XII. Резюме: дьявольская сила привычки и «внутренняя Африка»
Гоголь – первый великий ниспровергатель иллюзий в истории русской классической литературы. Его тексты – это мощная провокация. В то время, когда официальная Россия выступила в качестве победителя Наполеона, выдвинула тройственный лозунг «Православие, самодержавие, народность» и мнила себя гарантом европейской стабильности, заклеймив Европу эпитетом «гнилой Запад», а себя представив новым носителем прогресса и культуры, тем более, что она к этому моменту уже обладала новыми, сопоставимыми с европейскими, литературным языком и процессом, – именно в этот момент Гоголь поставил «святой Руси» беспощадный диагноз человеческой слабости и, возможно, необоснованности сотериологических перспектив. Незыблемого основания (fundamentum inconcussum) для этих претензий не существует. Человек – это жертва дьявольских нашептываний и марионетка в лапах черта. «Боже, что за жизнь наша! вечный раздор мечты с существенностью!» – восклицает Гоголь в повести «Невский проспект» (III, 30). К такому выводу приводит Гоголя его психоаналитический потенциал. В рассказе Эрнста Юнгера «Ураган» («Sturm») герой охарактеризован следующим образом: «Он любил Гоголя, Достоевского и Бальзака – писателей, которые выслеживали человеческую душу подобно охотнику, крадущемуся по следам загадочного зверя, и проникали в глубокие шахты этой души при неверном мерцании рудничного фонаря»[182]. Современник Жан Поля, Гоголь, как и он, знал, что мы ни в коем случае не должны игнорировать «…громаднейшее царство бессознательного, эту, поистине, внутреннюю Африку»[183].

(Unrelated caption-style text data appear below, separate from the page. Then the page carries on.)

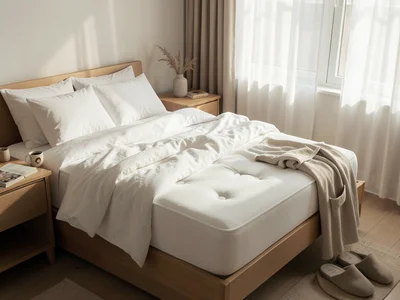 A Sunday morning bedroom — unmade bed with white linen sheets pulled back showin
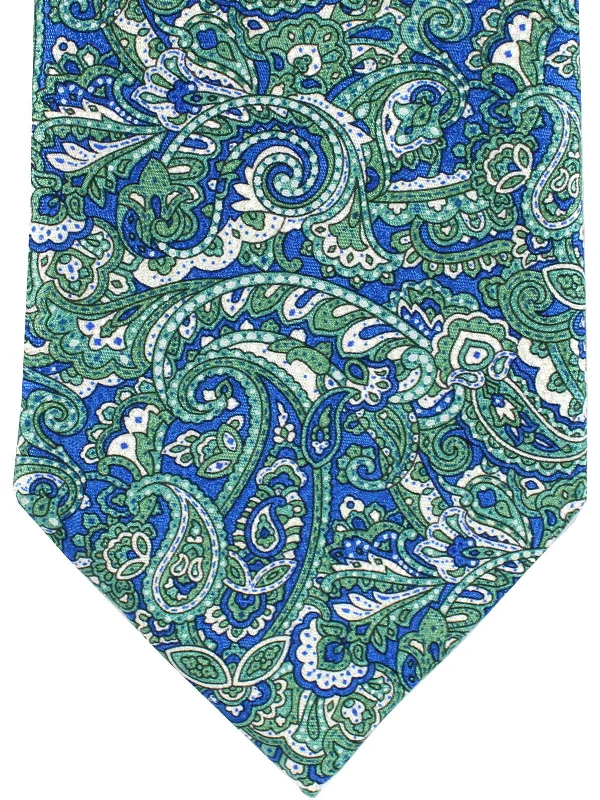 solid color neckties-Stefano Ricci Silk Tie Royal Blue Green Paisley SALE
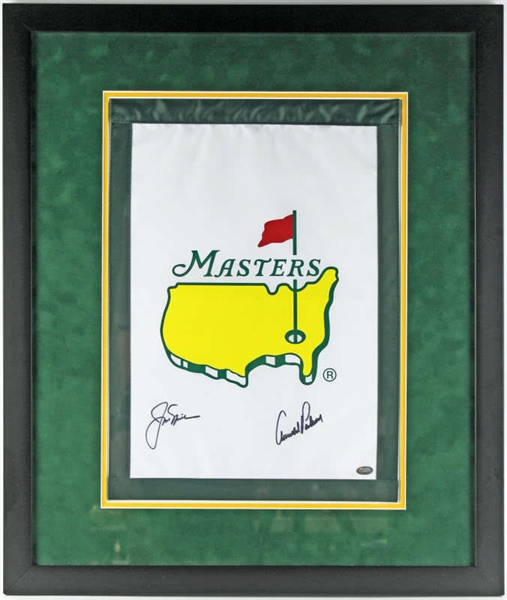 Jack Nicklaus & Arnold Palmer Signed & Framed Masters Flag (JSA)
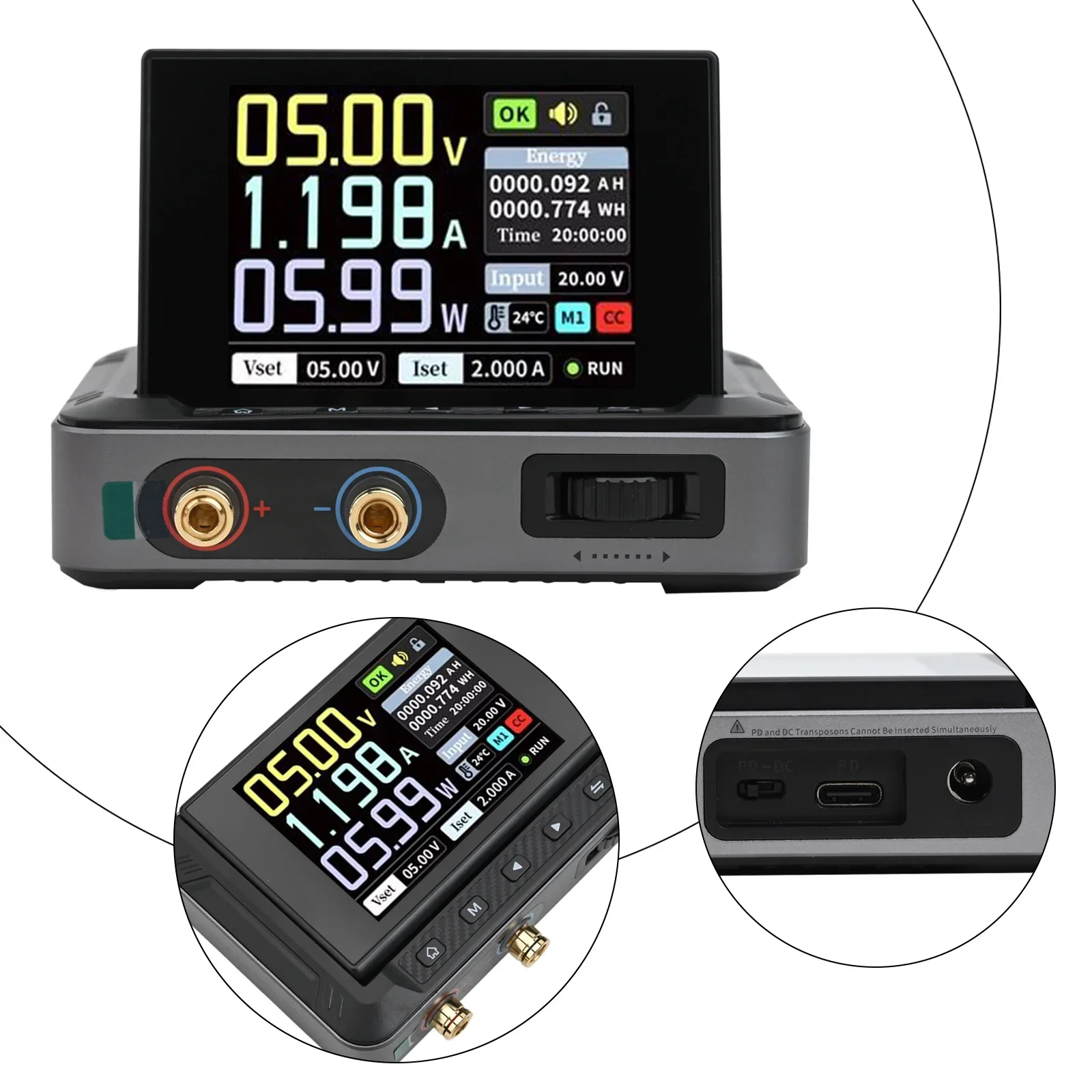 Fonte de alimentação digital programável DPS150 CNC DC com recursos de suporte de carregamento rápido medidores de tensão 100mA-5A ﻿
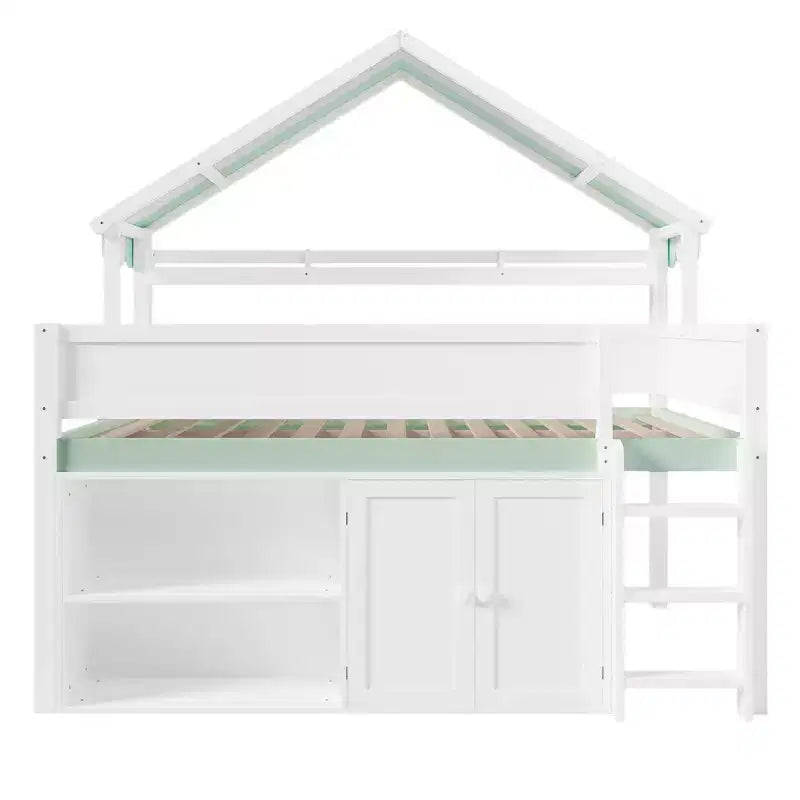 Weißes Kiefernholz-Hochbett mit Spitzdach und Schrank – Weiß/Blau oder Weiß/Grün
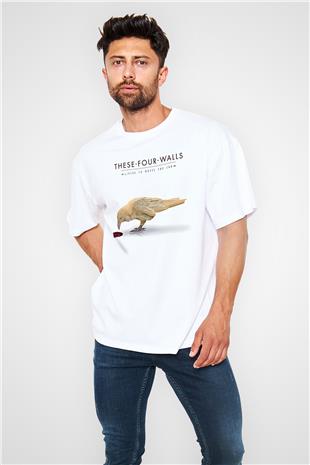 These Four Walls Baskılı Beyaz Unisex Oversize Tişört - Tshirt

Первым из русских писателей Гоголь концептуально предупреждает об опасности приверженности привычке, становясь в один ряд с Отцами Церкви и философами, подобными Канту и Фихте, которые рассматривали «жирную кошку» привычки («Consuetudo est altera natura», «Привычка – вторая натура»), как мину замедленного действия, заложенную под основания добродетели и свободы. Уже Платон считал, что добродетельным нужно быть не по привычке, а в результате философского размышления («Государство», кн. X, 619d). Павел Евдокимов утверждает: «Когда рассматриваешь привычное глазами Гойи, Босха, Брейгеля или Гоголя, под внешней пристойностью любого человека обнаруживаются кишащие монстры и стихийные существа»[184]. Петер Слотердайк диагностирует свойственную некоторым мыслителям способность распознавать «звериную ограниченность массы своими привычками»; привычно-зверское предрасположение принадлежит человеческой природе и ведет к плоскому, механизированному, бездушному существованию[185]. Ограниченное православное мышление с его сомнениями в правомерности тернарной структуры потустороннего мира, включающей чистилище наряду с адом и раем, обостряет эсхатологический страх до степени серьезной проблемы психического нездоровья[186].